Shayla Waugh And Tara Halbritter

SDSU’s Reserve Officers’ Training Corps (ROTC) programs are developing, training and commissioning the future leaders of the U.S. Army and Air Force.

“The biggest thing that students take away from the Military Science program is leadership experiences,” said department head Lt. Col. John Holter. “Whether they plan on joining the army or just learning about it, they will all take away crucial ideas of what leadership is about.”

The department offers a minor in military science. Any student may take the basic 100 to 200 level courses without any obligation to join the Army ROTC program. The classes are tuition free and class books are provided. Students pay only the fee for the classes. Students may move into the advanced courses in their junior and senior years by making the commitment to the Army ROTC program, said Holter.

Upon graduation, Holter said students are commissioned into three different areas. They can move into active duty, the National Guard or into the Army Reserve. He said all active duty soldiers leave South Dakota but many take military jobs instate with the Guards.

“In the program, we are teaching skills needed in the army. Students learn the basic level tasks that they will need to build upon in their career,” said Holter.

Darci Nelson, a senior chemistry major and military science minor, said that after she graduates from SDSU, she will be commissioned into the Army as a second lieutenant.

“The Army ROTC program gives students military leadership skills and helps build character,” said Nelson.

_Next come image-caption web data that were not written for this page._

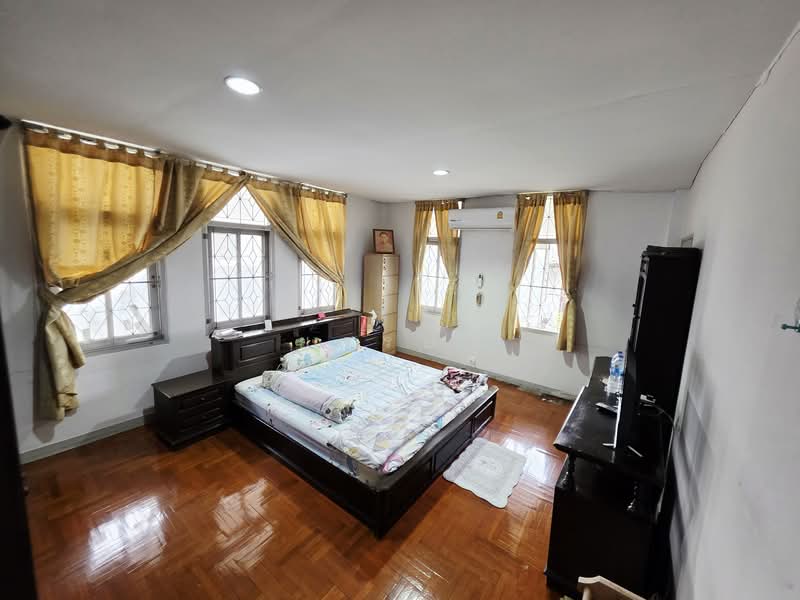 Home Place Ramkhamhaeng, Bangkok, Soi Ramkhamhaeng 140, Saphan Sung, Saphan Sung, Bangkok, 5 Bedrooms, 360 sqm, Single Detached House For Sale, by ยรรยง ลิ้มสุวรรณ, 500295763 - DDproperty.com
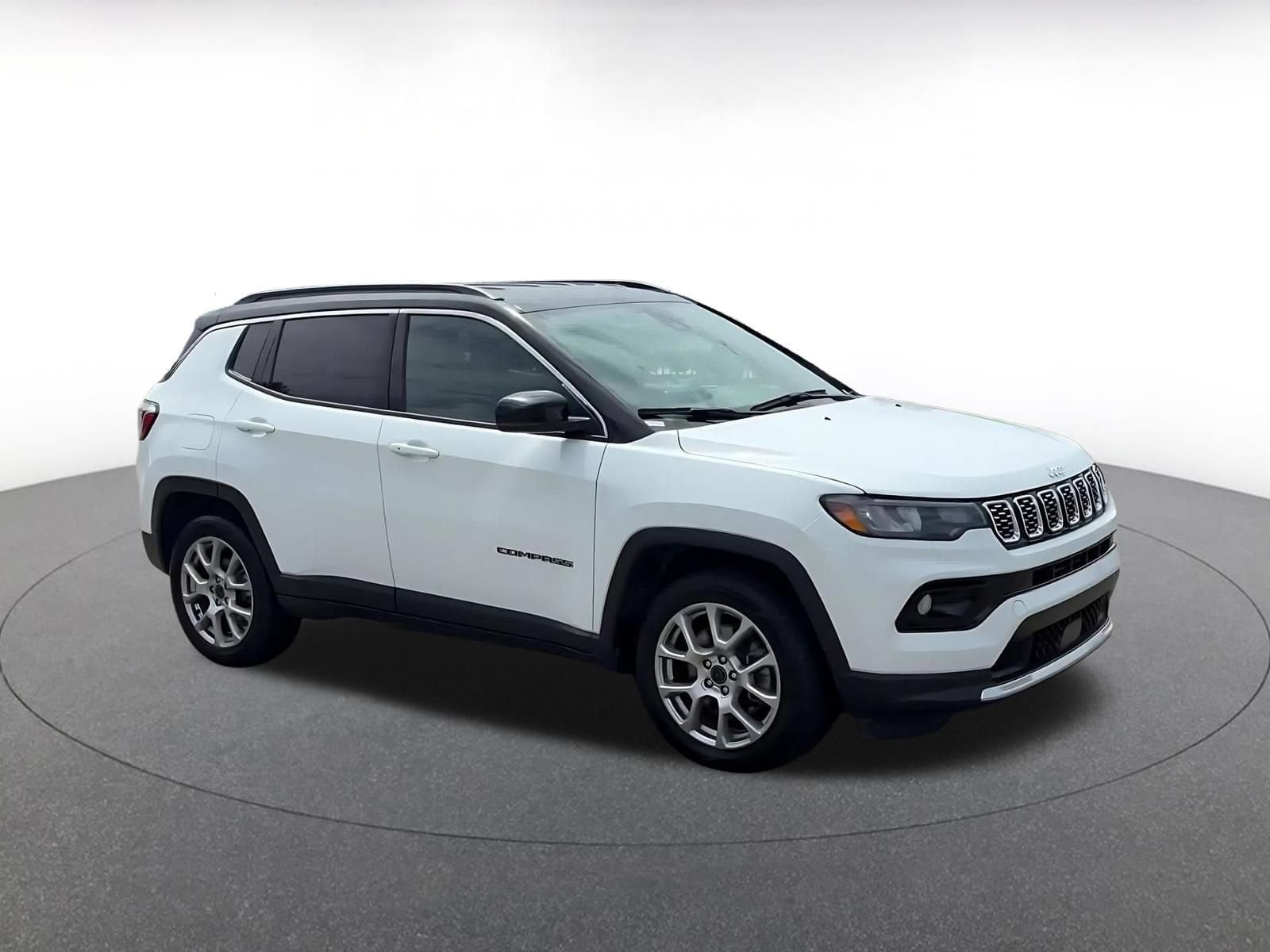 Thumbnail: 2025 Jeep Compass - 2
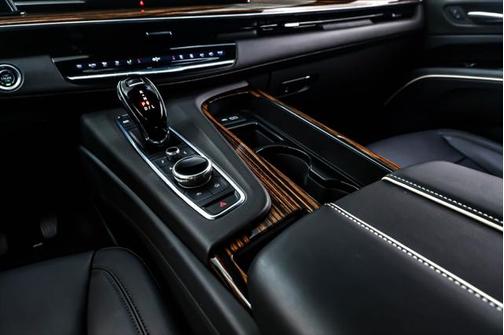 2022 Cadillac Escalade Luxury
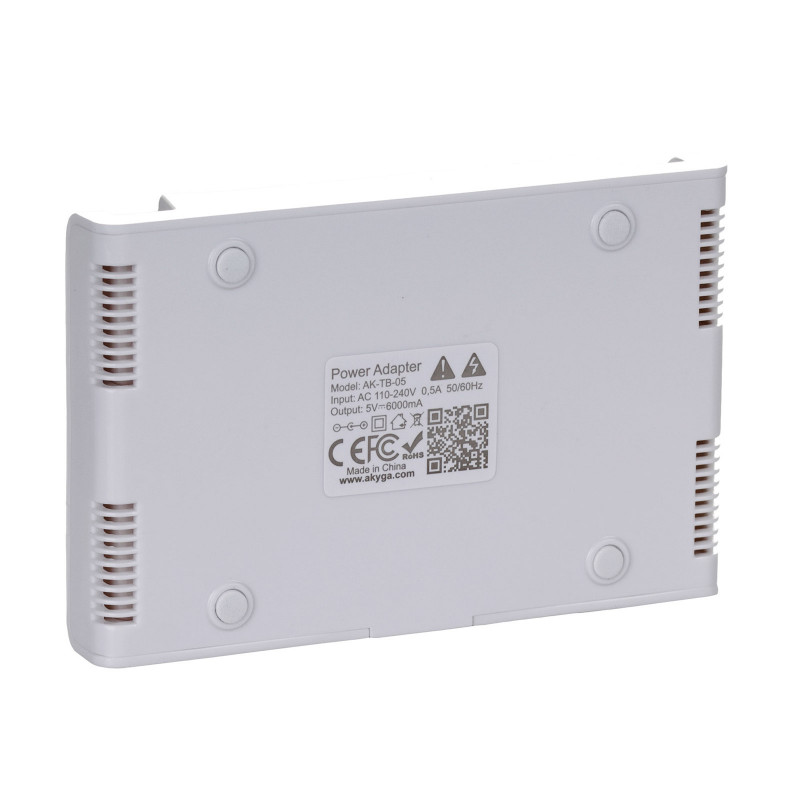 Universelles Netzteil Akyga AK-TB-05 5.0V / 6.0A 30W 4x USB A 1.5m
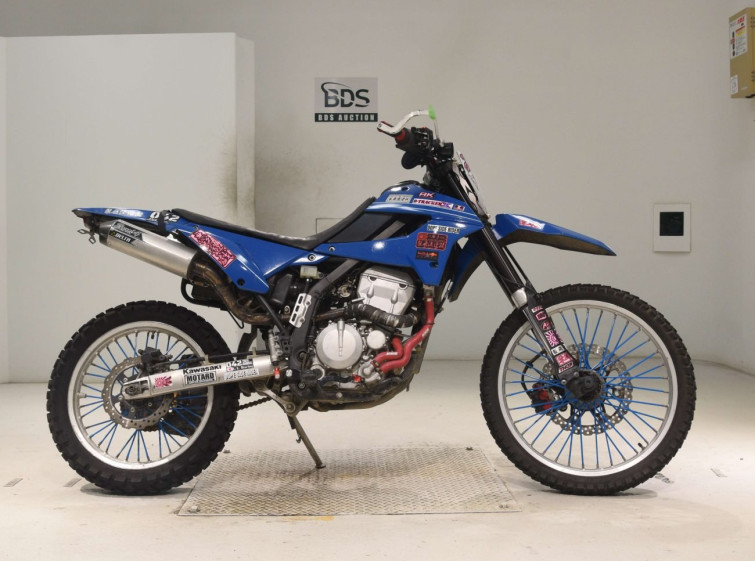 Мотоцикл Kawasaki D-TRACKER250X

Lt. Col. Holter said SDSU has a long tradition of producing officers for the army. In the past, the program has been ranked eighth of 270 programs and remains in the top 15% of all programs nationwide. The department has seen illustrious alumni doing great things for the army, he said.

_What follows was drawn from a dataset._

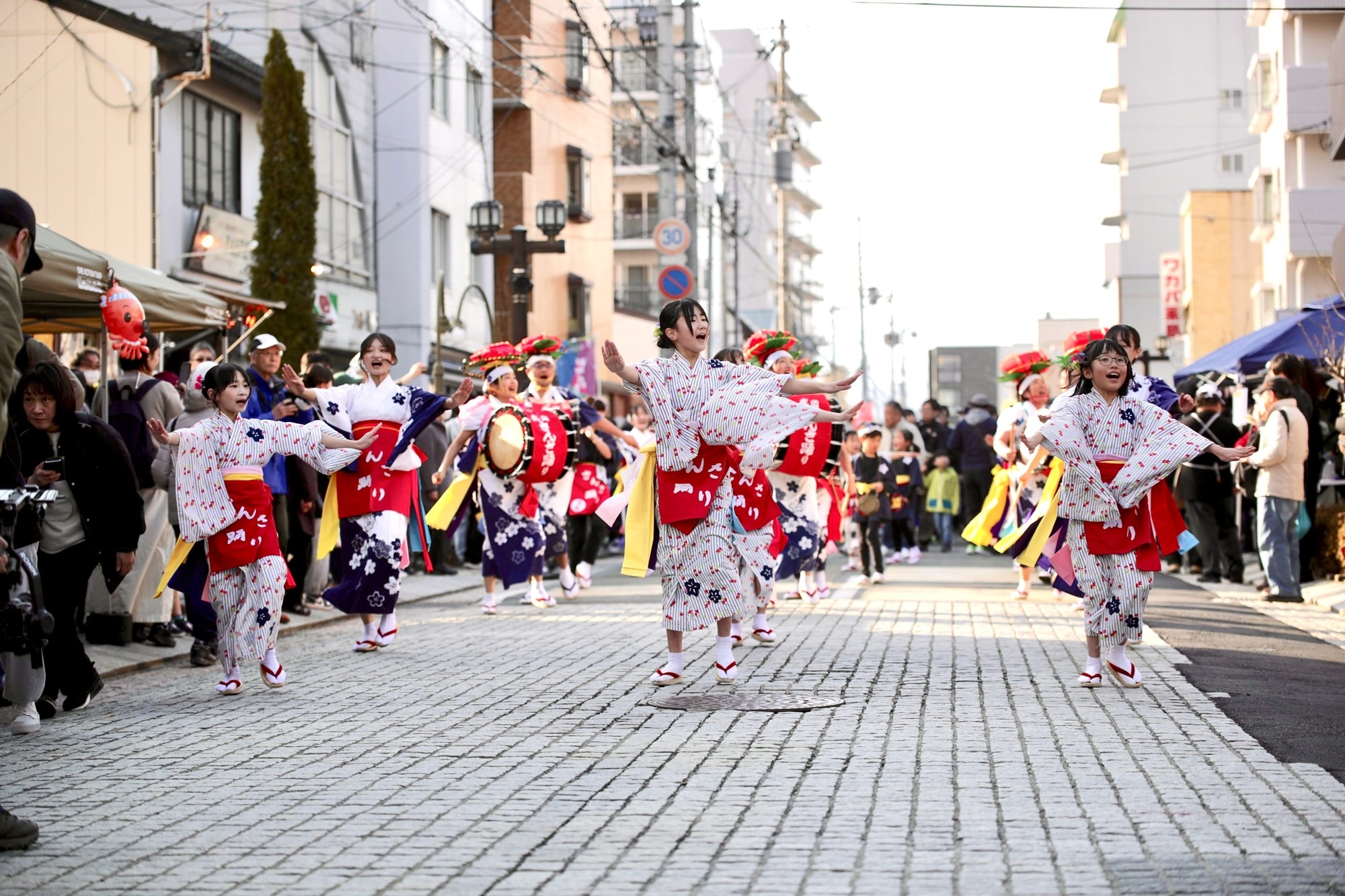 盛岡の郷土芸能「さんさ踊り」、オーストラリア最大級の日本文化フェスへ
現地で広がった「SANSA」と本家が共演「パース日本祭り2026」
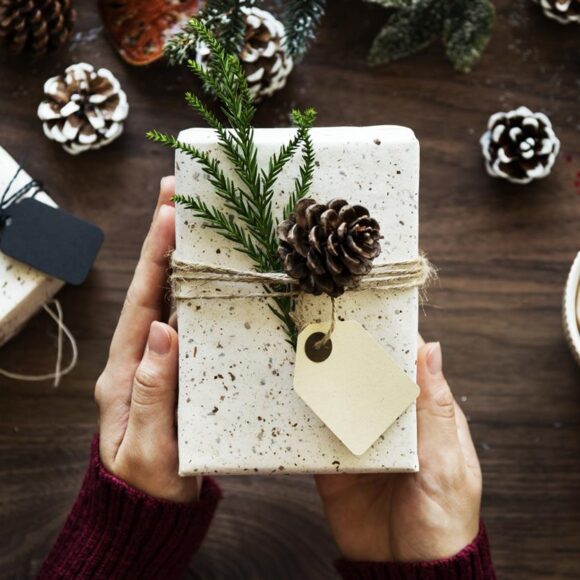 Personalise.co.uk: Thoughtful Gifts with a Personal Touch Personalise.co.uk is a UK-based online retailer dedicated to creating unique, customised gifts for every occasion. With thousands of products available and free personalisation on many items, the platform helps turn simple gifts into meaningful keepsakes.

Military training has been available since SDSU was founded in 1916. As a land grant university, Holter said military training was a core of SDSU in its founding.

Another ROTC minor offered at SDSU is in the department of Aerospace Studies. This department is associated with the Air Force rather than the Army.

There are currently 65 students that have aerospace studies as a minor, which is significantly less than the number of military science minors. This program teaches students about various leadership topics, such as military ethics and motivational techniques. Maj. Chris Trotter, of the Aerospace Studies Department said that the program provides students with training that is more specific in terms of their career.

“Hopefully students gain a better understanding of roles in the military in general … and pick up leadership skills,” Trotter said.

Much like the Army ROTC program, the Air Force ROTC program has watched some alumni work their way up to powerful positions in their careers. Former U.S. Senator Tom Daschle is a graduate of the program.

The requirements to graduate with a minor in aerospace studies include taking the 16 credits offered through the department over four years.

After graduating with a minor in this program, graduates must work full-time in the Air Force for four years. Pilots must dedicate ten years to the Air Force. However, there are some exceptions to the rules. In some special instances, graduates are allowed to join the Air Guard instead.

Junior Chris Nedved is an aviation major and aerospace studies minor. After he graduates, he says he plans on being commissioned into the Air Force. “Hopefully I receive a pilot slot,” said Nedved. Pilots compete for a limited number of openings and selective boards choose who is eligible to become a pilot.

While students gain knowledge of the military through this program, they are not ranked any higher when they enter the Air Force. They are commissioned as second lieutenants.

There are others ways to be commissioned into the Air Force, but Trotter said that SDSU’s program has a hands-on approach to teaching skills that students will need in military careers.